*** Opening Records to use ***

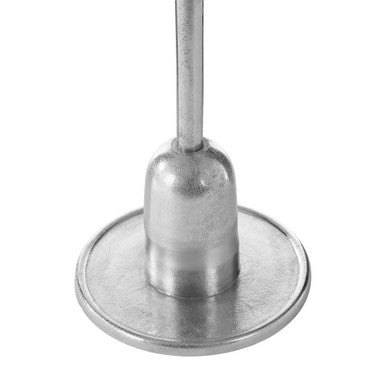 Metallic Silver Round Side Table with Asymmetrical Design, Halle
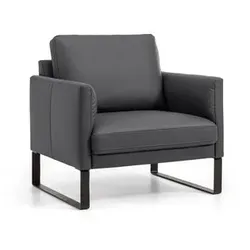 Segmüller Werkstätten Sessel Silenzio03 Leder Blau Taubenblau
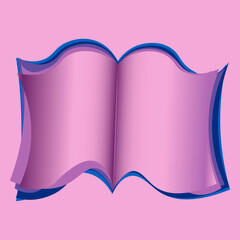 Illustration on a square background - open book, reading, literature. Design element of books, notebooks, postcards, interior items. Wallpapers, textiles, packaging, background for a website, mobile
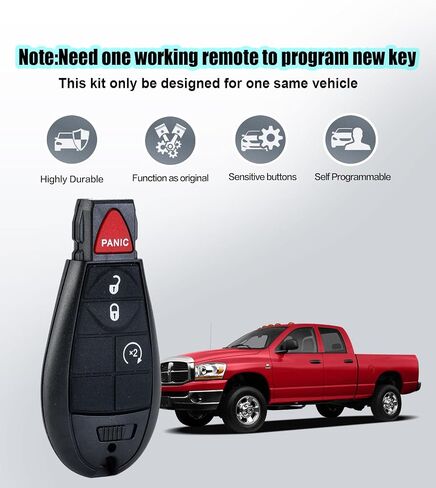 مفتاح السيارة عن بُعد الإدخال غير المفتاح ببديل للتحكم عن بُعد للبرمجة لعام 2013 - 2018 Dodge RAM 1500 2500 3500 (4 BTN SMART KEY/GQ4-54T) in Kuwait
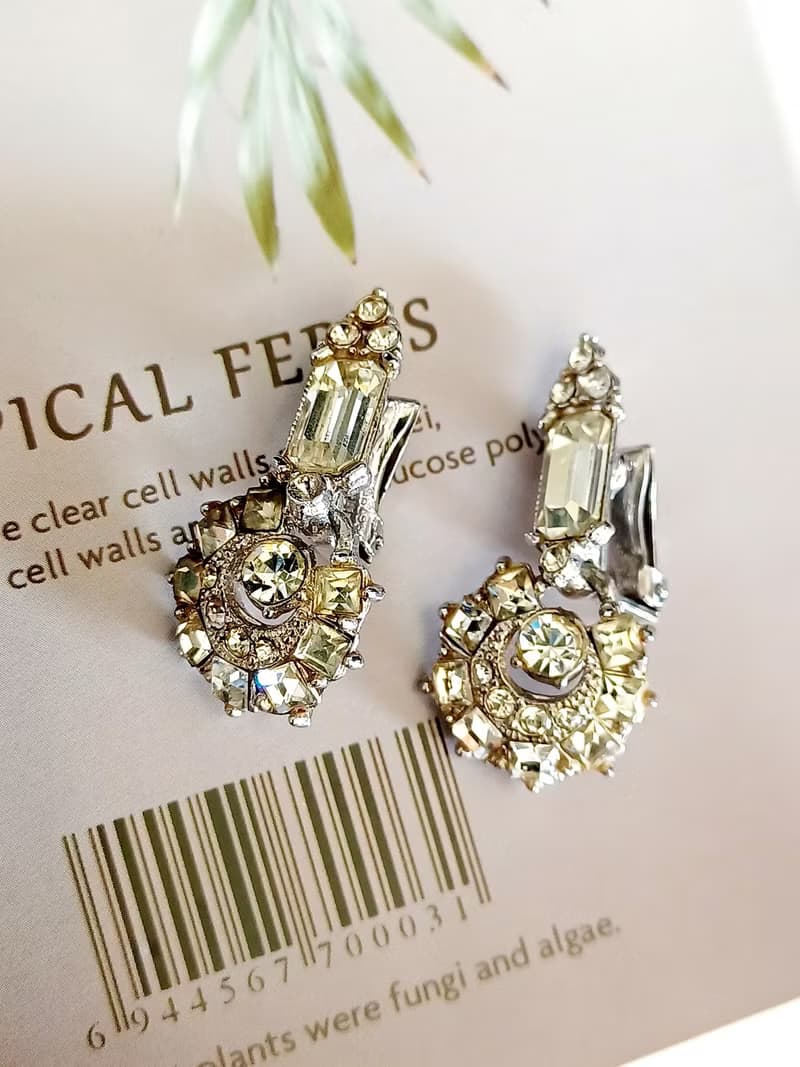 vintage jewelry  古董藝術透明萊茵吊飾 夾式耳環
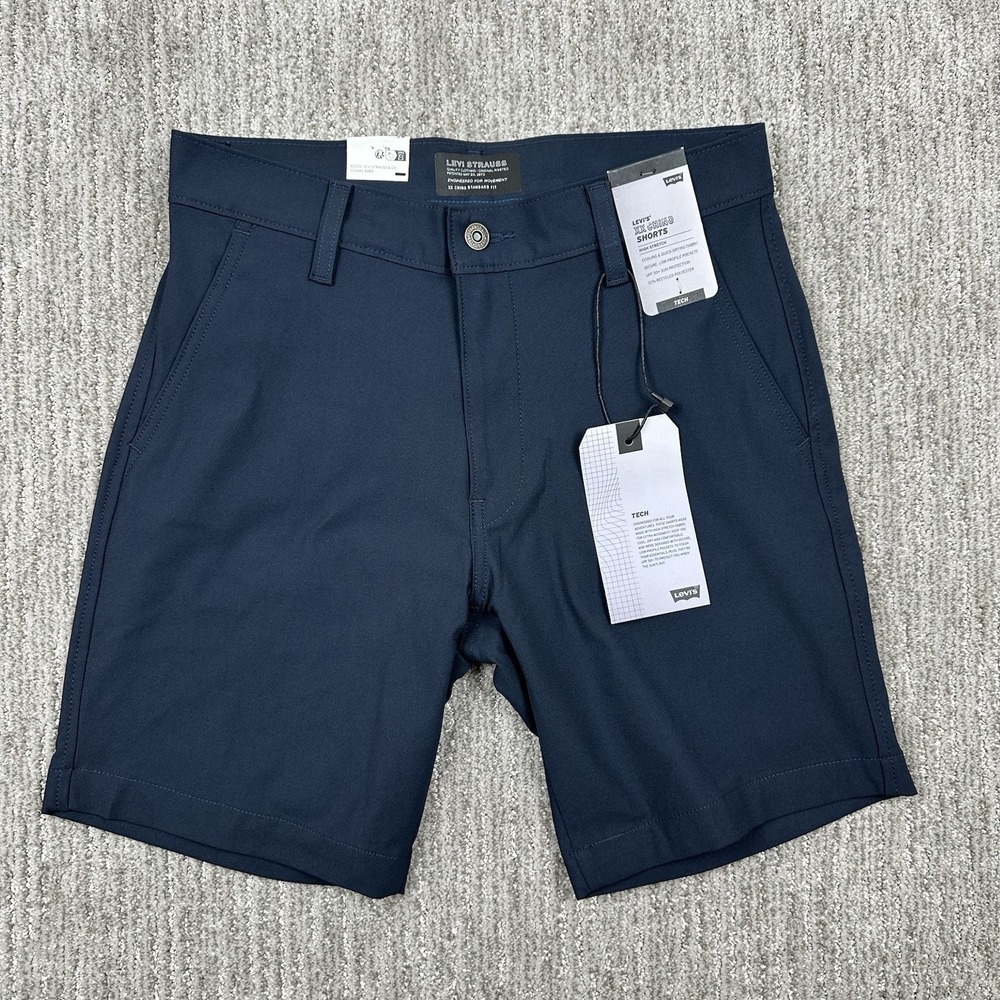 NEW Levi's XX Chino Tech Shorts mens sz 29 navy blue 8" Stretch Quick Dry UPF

*** Closing Records to use ***

= Exercise brief =
When you reach the line that contains "مفتاح السيارة عن" in the records above, copy it and every line after it exactly through the last one, leaving out the pictures.

= Solution for this problem =
 مفتاح السيارة عن بُعد الإدخال غير المفتاح ببديل للتحكم عن بُعد للبرمجة لعام 2013 - 2018 Dodge RAM 1500 2500 3500 (4 BTN SMART KEY/GQ4-54T) in Kuwait
 vintage jewelry  古董藝術透明萊茵吊飾 夾式耳環
 NEW Levi's XX Chino Tech Shorts mens sz 29 navy blue 8" Stretch Quick Dry UPF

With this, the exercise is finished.